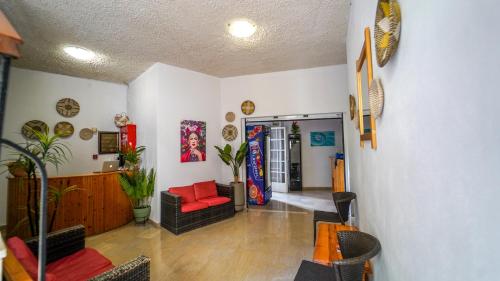 ein Wohnzimmer mit einem roten Sofa und Stühlen in der Unterkunft Belvedere Hotel parga in Parga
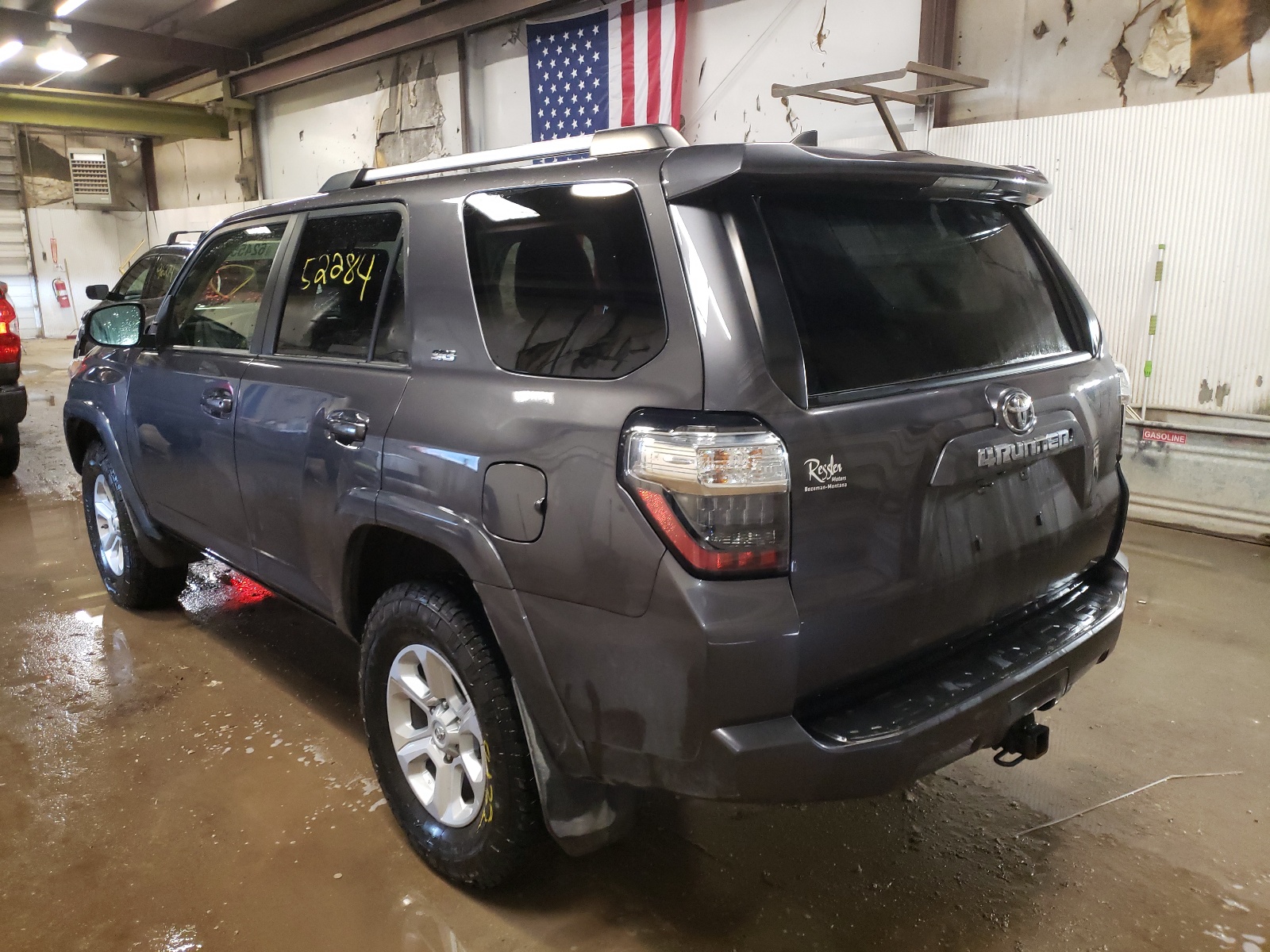 Photo 3 from auction – 2019 TOYOTA 4RUNNER SR with VIN JTEBU5JR9K5643066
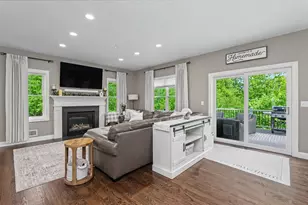 7 Valerie Ln, Derry, NH 03038 - Photo 15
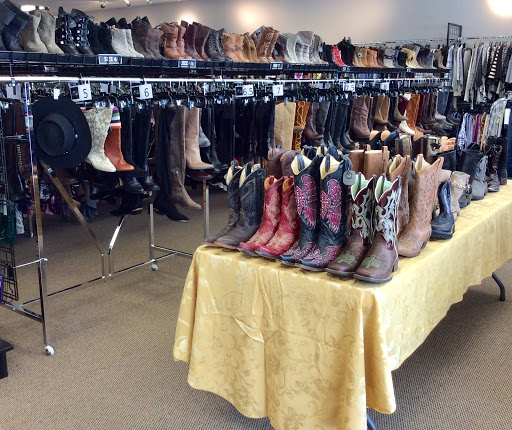 Used Clothing Store «Clothes Mentor», reviews and photos, 8601 W Cross Dr, Littleton, CO 80123, USA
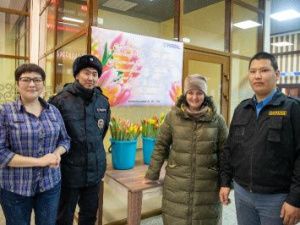 На станции Нижний Бестях железнодорожники поздравили женщин- пассажирок с Международным женским днём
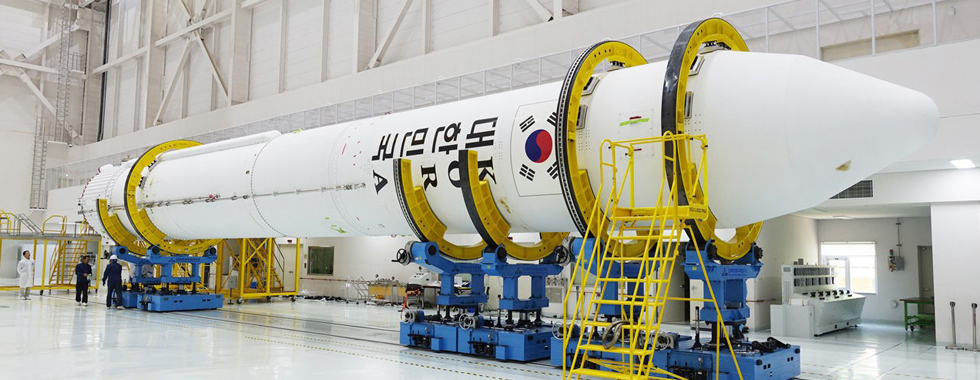 韩华与韩国航空航天研究院测试用于将韩国尖端火箭KSLV-II送入低轨道的发动机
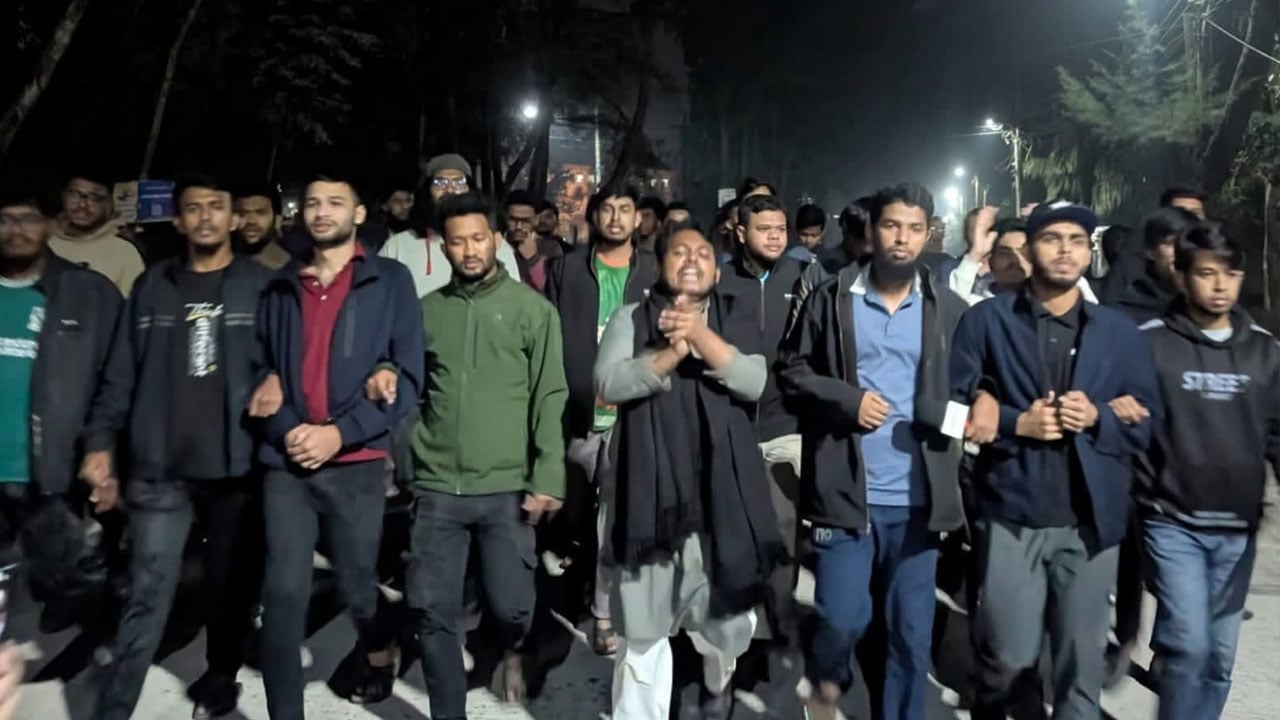 নোবিপ্রবিতে চাঁদাবাজির বিরুদ্ধে শিক্ষার্থীদের বিক্ষোভ ও প্রতিবাদ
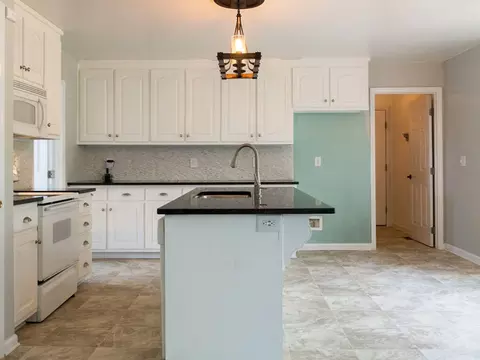 102 Allie Dr, Garner, NC 27529 photo 2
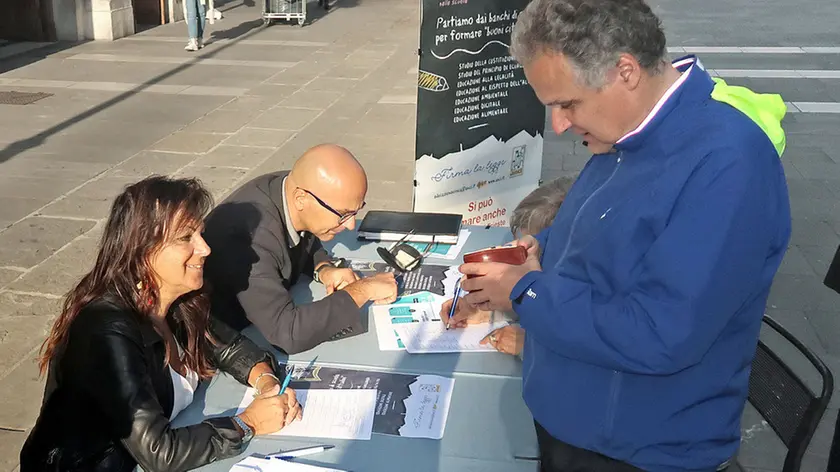 Lasorte Trieste 18/10/18 - Piazza della Borsa, Raccolta Firme Educazione Civica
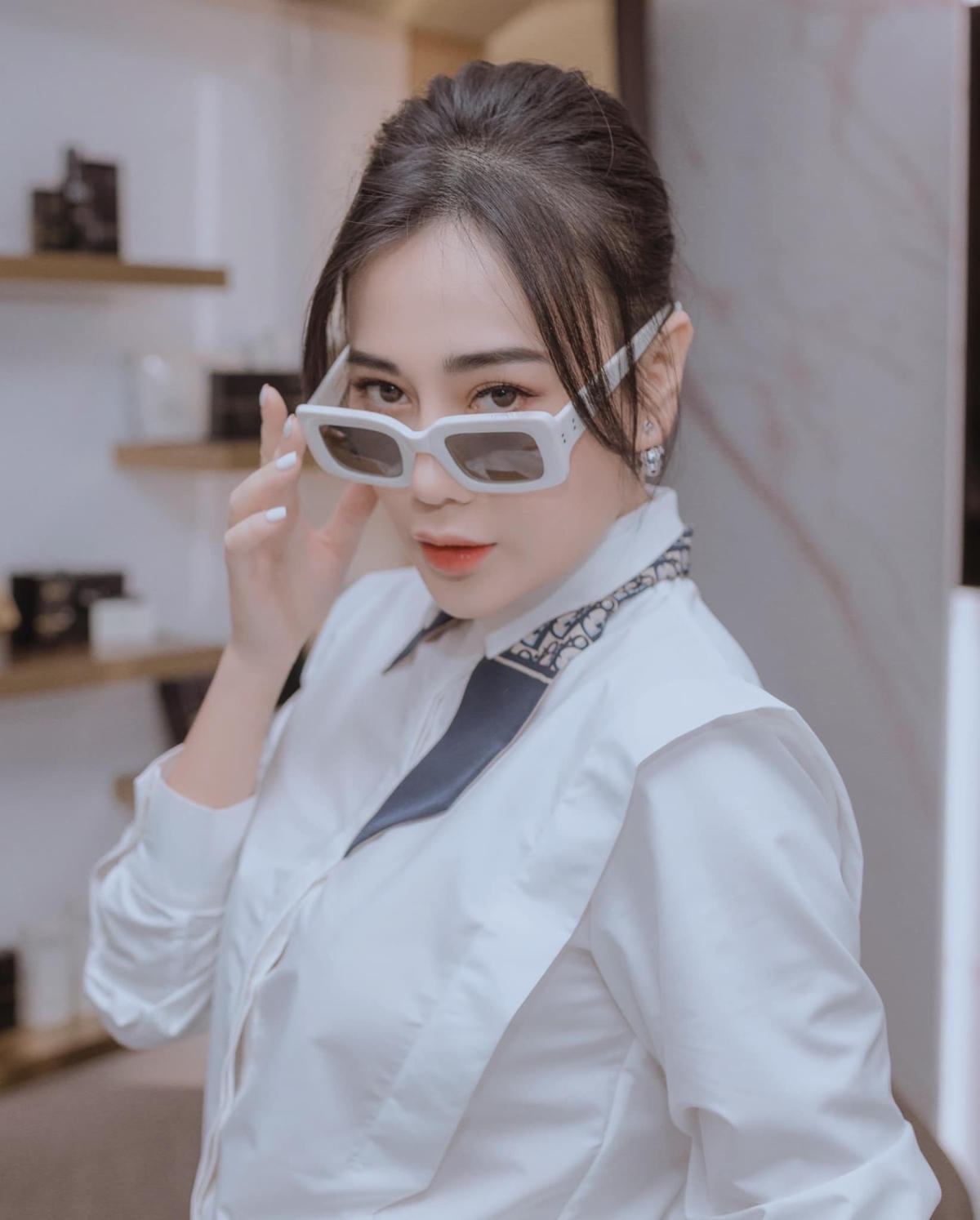Phương Oanh thanh lịch, có phong cách trong set đồ áo mơ mi và quần Tây.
**********
* _TASK DESCRIPTION_: What you give back should be exactly the lines from the line holding "韩华与韩国航空航天研究院测试用于将韩国尖端火箭KSLV-II送入低轨道的发动机" through the final line of the material, both ends included, and please leave out the pictures.

* _RESPONSE AREA_:
 韩华与韩国航空航天研究院测试用于将韩国尖端火箭KSLV-II送入低轨道的发动机
 নোবিপ্রবিতে চাঁদাবাজির বিরুদ্ধে শিক্ষার্থীদের বিক্ষোভ ও প্রতিবাদ
 102 Allie Dr, Garner, NC 27529 photo 2
 Lasorte Trieste 18/10/18 - Piazza della Borsa, Raccolta Firme Educazione Civica
Phương Oanh thanh lịch, có phong cách trong set đồ áo mơ mi và quần Tây.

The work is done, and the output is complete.